“It may be getting closer to the moment where the Tigers have to release Willis and start chowing down on his $22 million contract. Better have the Pepto-Bismol at the ready.”


The news on Dontrelle Willis just keeps getting weirder and, dare I say, sadder.

The Tigers placed the lefty on the disabled list to begin the season. But this isn’t any normal, run-of-the-mill DL placement. This isn’t a knee, or an elbow, or a shoulder problem.

The Tigers placed Willis on the DL for anxiety. Yep.

As in, “We don’t really know WHAT the heck is wrong with this guy — except that it’s between the ears.”

Willis, who’s struggled with control ever since coming to the Tigers from Florida a year ago, seems to have this propensity, now, to have good command in simulated games and between-appearance bullpen sessions.

Then, when the bright lights get turned on, Willis gets stage fright. Or something.

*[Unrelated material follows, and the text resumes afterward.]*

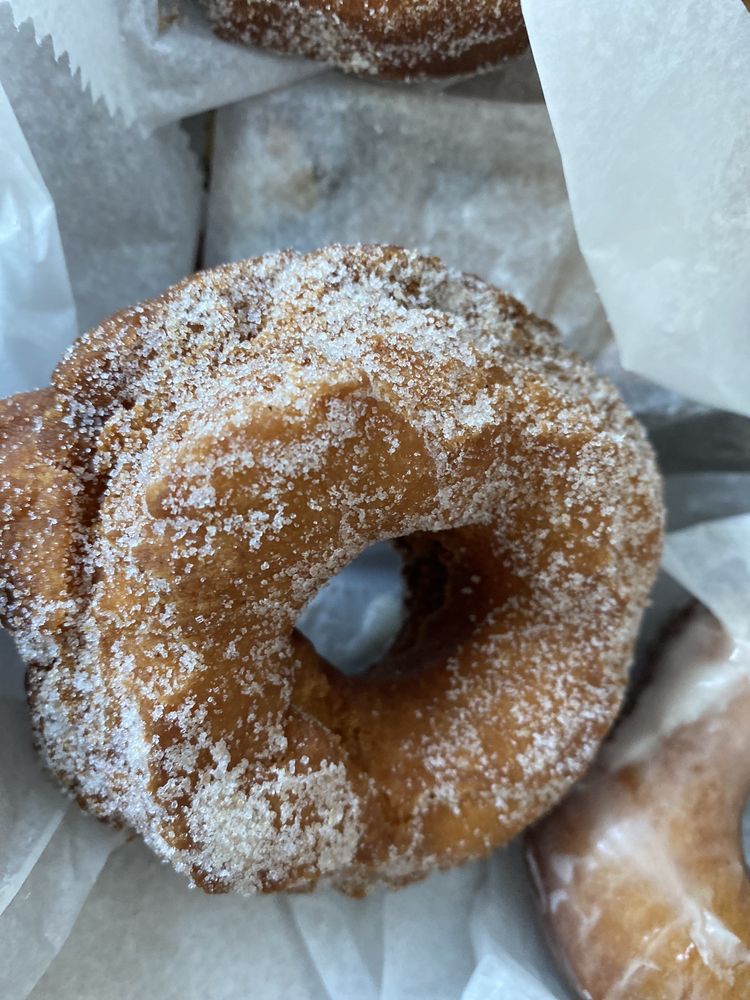 JEN’S DELIGHTFUL SWEETS Updated August 2024 446 Main St, Sanford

For when the games begin — and these are just spring training games, don’t forget — Willis loses it and seems to forget everything that he’s learned in simulation.

Not good.

I’ve been following the Tigers since 1971, and the closest thing that Willis’s case comes to in Detroit is the sad story of Kevin Saucier, which I’ve written of here before.

Saucier, also a lefty, had a marvelous 1981 in Detroit after coming over from the Phillies. He was the team’s closer and posted a fine under-2.00 ERA. He was lively and animated and would hop all over the field after saving another game for the Tigers.

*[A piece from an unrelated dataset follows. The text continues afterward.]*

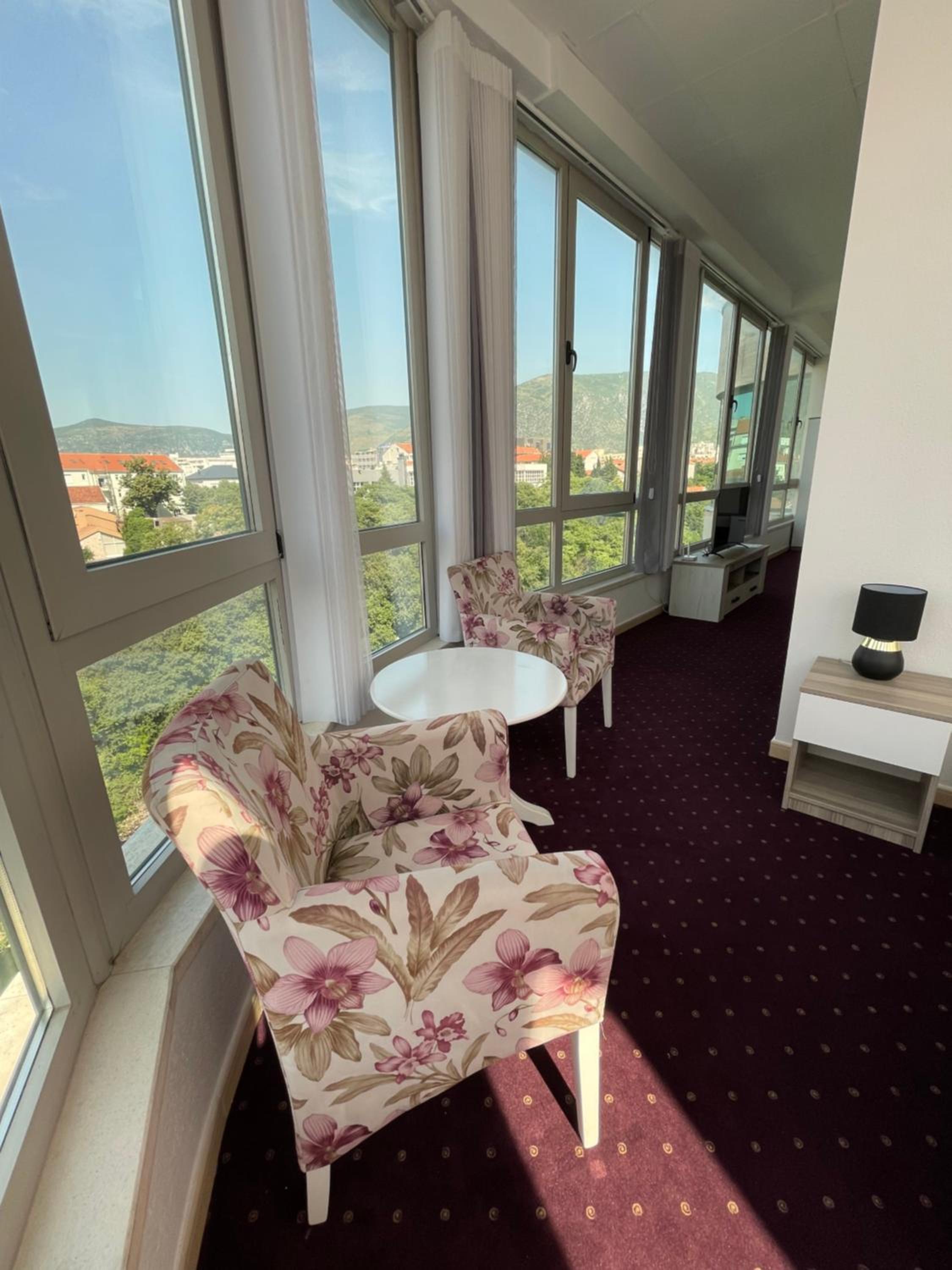 Lux Apartments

Then, around mid-season in 1982, he feared for the safety of opposing batters and quit, on the spot.

And that’s not even all that close to the Willis situation.

Certainly, no Tiger in my lifetime has been sidelined because of anxiety. Jimmy Piersall never played for them, after all.

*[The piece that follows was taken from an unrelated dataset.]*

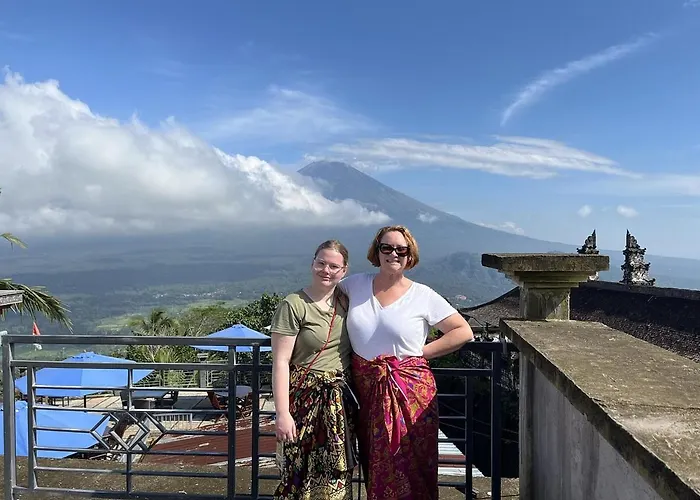 Botel Widia Bali Full Day Tour And Airport Transport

It’s disturbing, Willis’s condition. It has a lot of “he’s done” written all over it.

If a pitcher can’t do it during the games, then why bother with him?

It may be getting closer to the moment where the Tigers have to release Willis and start chowing down on his $22 million contract. Better have the Pepto-Bismol at the ready.

For my gig at The Baseball Page, I was commissioned to select five players from the American League who I thought were intriguing, for a variety of reasons, and who readers should keep an eye on in 2009. Willis was one of those players. You can read what I wrote here.

It looks like Dontrelle Willis might be on the verge of seeing it all go down the drain. Who gets placed on the DL for anxiety?

Better yet, who ever comes back from such a distinction?